Return exactly the final stretch of the records below, opening with the line that contains "New Winter Hooded" and closing with the last line.
Data extracts below:
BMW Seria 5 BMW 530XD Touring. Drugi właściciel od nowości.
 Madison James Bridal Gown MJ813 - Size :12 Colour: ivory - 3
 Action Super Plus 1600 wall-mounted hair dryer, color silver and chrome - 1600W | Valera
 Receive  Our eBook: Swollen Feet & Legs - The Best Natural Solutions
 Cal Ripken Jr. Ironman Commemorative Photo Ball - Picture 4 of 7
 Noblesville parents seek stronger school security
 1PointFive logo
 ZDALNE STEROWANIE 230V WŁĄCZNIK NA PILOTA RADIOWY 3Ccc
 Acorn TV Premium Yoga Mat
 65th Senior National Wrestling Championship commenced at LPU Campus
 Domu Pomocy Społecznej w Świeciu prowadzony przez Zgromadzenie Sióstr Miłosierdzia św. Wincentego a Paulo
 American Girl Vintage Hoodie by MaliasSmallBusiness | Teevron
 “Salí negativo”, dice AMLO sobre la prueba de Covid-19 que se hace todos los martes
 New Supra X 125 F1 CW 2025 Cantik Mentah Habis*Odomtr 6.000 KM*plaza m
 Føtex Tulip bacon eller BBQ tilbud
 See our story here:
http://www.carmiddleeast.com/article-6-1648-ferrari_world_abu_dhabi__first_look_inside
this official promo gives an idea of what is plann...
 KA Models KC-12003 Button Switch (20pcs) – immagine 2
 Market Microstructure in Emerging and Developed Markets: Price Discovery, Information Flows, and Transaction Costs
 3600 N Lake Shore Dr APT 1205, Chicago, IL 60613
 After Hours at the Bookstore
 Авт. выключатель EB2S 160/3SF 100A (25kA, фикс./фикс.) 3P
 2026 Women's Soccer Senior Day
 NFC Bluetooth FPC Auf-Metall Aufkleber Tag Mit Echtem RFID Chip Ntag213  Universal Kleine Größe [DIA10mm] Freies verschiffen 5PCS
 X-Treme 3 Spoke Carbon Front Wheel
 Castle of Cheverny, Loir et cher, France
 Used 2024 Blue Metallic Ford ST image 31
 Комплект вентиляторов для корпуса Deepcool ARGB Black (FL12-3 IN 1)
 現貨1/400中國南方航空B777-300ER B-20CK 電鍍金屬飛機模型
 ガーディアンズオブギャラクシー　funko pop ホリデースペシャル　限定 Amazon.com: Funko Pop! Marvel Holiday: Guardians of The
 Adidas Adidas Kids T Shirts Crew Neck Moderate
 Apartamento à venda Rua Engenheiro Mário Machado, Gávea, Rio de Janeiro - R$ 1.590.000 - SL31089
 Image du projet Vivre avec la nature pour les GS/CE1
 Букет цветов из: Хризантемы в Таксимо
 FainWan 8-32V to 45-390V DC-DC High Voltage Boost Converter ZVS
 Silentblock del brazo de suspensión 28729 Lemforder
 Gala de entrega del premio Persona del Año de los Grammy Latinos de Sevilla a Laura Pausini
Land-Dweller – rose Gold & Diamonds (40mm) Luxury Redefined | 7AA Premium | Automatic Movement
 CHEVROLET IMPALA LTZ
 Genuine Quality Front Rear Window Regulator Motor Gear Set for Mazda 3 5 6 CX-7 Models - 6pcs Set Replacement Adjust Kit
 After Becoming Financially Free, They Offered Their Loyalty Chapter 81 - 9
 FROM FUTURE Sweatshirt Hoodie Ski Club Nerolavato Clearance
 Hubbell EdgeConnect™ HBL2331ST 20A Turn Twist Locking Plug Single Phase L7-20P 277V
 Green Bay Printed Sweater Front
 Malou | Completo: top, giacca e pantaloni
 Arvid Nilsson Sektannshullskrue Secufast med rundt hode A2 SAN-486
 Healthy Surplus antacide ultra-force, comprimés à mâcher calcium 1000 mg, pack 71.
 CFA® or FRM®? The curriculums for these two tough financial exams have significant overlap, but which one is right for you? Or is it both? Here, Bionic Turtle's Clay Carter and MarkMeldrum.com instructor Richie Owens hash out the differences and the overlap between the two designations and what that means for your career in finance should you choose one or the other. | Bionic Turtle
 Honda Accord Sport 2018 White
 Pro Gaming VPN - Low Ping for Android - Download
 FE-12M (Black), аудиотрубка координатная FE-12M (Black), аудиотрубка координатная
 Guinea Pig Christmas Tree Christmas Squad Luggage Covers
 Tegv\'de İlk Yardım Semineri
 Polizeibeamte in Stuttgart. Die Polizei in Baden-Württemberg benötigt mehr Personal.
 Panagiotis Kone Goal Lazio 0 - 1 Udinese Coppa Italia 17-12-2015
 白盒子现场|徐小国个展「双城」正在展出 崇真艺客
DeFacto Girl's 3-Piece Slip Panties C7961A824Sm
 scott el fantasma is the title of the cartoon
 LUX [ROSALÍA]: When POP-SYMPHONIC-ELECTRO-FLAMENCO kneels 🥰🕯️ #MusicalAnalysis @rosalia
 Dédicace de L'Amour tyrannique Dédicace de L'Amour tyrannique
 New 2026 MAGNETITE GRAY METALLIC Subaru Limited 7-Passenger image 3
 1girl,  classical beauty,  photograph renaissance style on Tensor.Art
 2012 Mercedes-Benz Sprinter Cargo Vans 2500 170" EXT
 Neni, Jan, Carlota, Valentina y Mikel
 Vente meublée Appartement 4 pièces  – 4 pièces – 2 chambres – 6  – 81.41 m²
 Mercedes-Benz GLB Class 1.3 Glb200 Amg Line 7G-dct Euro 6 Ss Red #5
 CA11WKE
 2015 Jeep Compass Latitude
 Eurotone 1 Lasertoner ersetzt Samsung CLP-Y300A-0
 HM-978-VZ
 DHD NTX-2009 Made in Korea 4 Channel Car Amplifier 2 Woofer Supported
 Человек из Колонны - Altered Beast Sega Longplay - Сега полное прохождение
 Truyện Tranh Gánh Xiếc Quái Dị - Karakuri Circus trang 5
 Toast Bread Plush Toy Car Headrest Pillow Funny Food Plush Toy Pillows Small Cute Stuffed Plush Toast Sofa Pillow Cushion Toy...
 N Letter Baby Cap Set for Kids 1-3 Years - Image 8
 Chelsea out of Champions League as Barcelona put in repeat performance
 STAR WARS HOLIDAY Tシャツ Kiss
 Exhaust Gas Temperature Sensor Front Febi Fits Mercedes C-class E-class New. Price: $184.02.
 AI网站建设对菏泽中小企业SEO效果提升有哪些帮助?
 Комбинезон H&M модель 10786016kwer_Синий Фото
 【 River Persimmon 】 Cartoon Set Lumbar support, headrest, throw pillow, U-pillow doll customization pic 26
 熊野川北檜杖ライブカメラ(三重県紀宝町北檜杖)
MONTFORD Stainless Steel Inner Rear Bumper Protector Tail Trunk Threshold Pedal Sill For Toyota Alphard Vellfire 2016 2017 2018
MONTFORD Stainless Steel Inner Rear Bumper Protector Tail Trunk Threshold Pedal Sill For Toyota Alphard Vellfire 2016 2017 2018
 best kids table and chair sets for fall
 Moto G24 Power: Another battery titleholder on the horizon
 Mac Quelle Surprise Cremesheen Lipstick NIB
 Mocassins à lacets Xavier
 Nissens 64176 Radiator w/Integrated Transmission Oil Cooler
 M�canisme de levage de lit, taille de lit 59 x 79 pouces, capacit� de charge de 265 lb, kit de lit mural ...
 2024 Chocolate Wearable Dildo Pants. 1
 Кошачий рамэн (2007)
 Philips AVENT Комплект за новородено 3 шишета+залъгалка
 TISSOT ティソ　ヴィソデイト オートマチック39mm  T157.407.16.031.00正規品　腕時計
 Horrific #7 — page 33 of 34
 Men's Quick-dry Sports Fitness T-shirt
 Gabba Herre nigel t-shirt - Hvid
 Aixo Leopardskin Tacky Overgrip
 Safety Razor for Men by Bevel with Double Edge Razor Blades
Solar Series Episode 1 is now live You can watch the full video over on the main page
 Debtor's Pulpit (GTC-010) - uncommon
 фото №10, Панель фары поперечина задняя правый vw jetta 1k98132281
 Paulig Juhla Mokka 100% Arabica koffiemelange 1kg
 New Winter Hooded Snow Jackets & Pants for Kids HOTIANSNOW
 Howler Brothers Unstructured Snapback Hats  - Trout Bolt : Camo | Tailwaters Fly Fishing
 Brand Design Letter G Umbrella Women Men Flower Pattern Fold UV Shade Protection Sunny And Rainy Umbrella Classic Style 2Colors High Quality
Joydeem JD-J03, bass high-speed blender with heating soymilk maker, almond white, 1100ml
End of Data extracts.
## Answer box
 New Winter Hooded Snow Jackets & Pants for Kids HOTIANSNOW
 Howler Brothers Unstructured Snapback Hats  - Trout Bolt : Camo | Tailwaters Fly Fishing
 Brand Design Letter G Umbrella Women Men Flower Pattern Fold UV Shade Protection Sunny And Rainy Umbrella Classic Style 2Colors High Quality
Joydeem JD-J03, bass high-speed blender with heating soymilk maker, almond white, 1100ml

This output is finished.